Image-caption web data
——
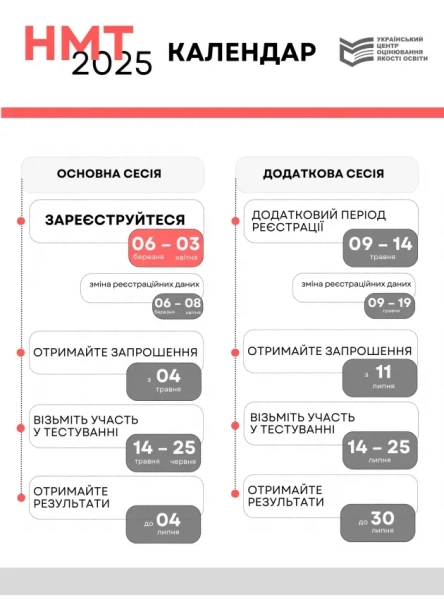 nmt 2025 obovjazkovi predmeti dati ispitiv pravila tablicja perevedennja baliv 5b815d3 - НМТ-2025 - обов'язкові предмети, дати іспитів, правила, таблиця переведення балів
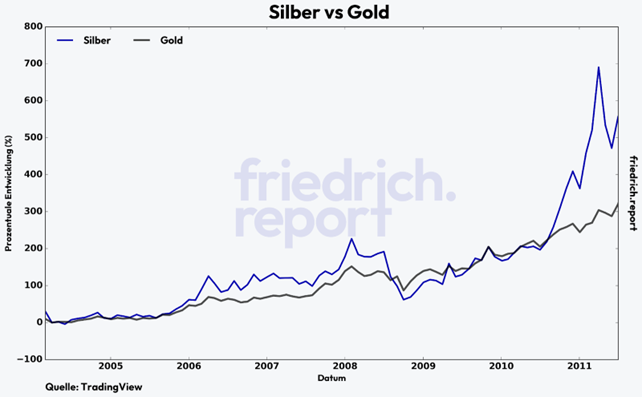 Performance von Gold und Silber 2004-2011, in %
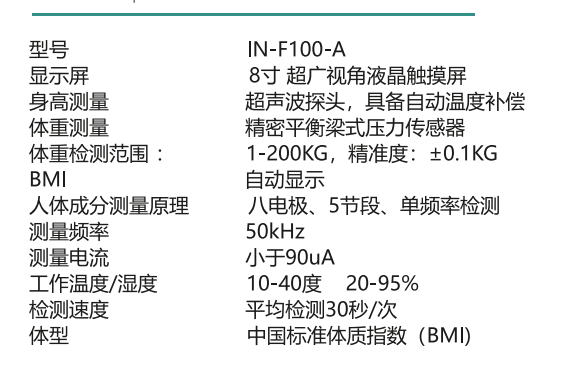 IN F100 2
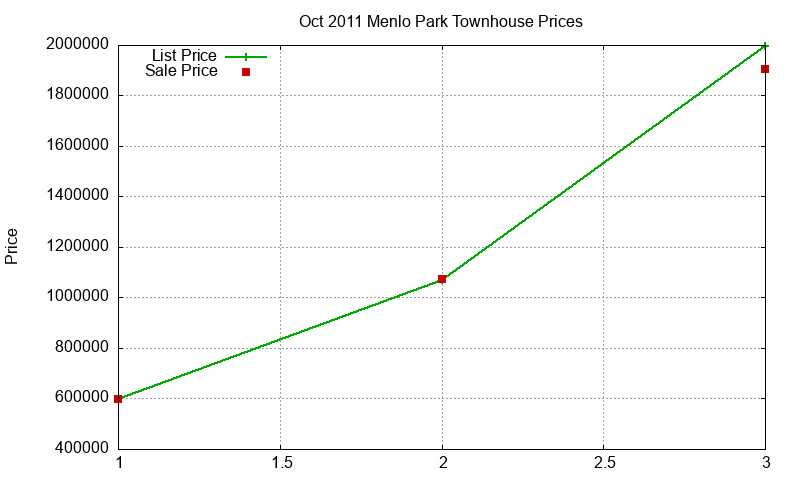 Menlo Park Townhouses Just Sold 2011-10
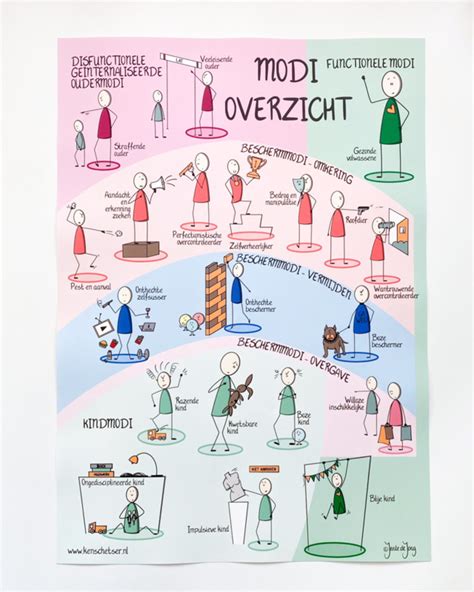 Schema van kerkdiensten met verschillende voorgangers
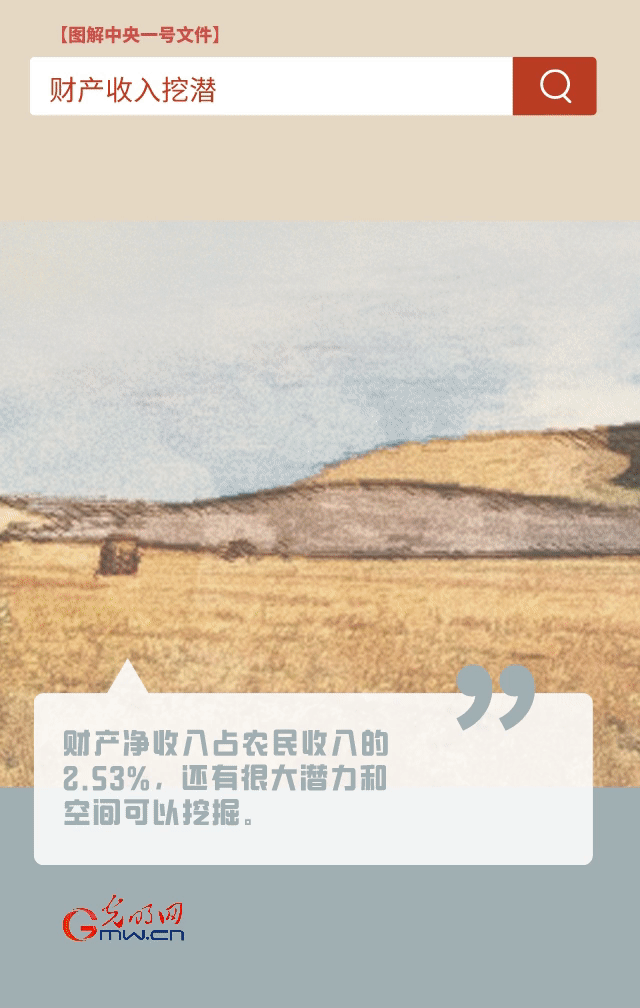 【圖解中央一號文件】“動”漫海報丨今年如何讓農(nóng)民的“錢袋子”鼓起來？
——
* **WORK REQUEST**:
After locating the line with "Performance von Gold", transcribe it and the rest of the data above exactly as written, without any picture.

* **ANSWER TO THE EXERCISE**:
 Performance von Gold und Silber 2004-2011, in %
 IN F100 2
 Menlo Park Townhouses Just Sold 2011-10
 Schema van kerkdiensten met verschillende voorgangers
 【圖解中央一號文件】“動”漫海報丨今年如何讓農(nóng)民的“錢袋子”鼓起來？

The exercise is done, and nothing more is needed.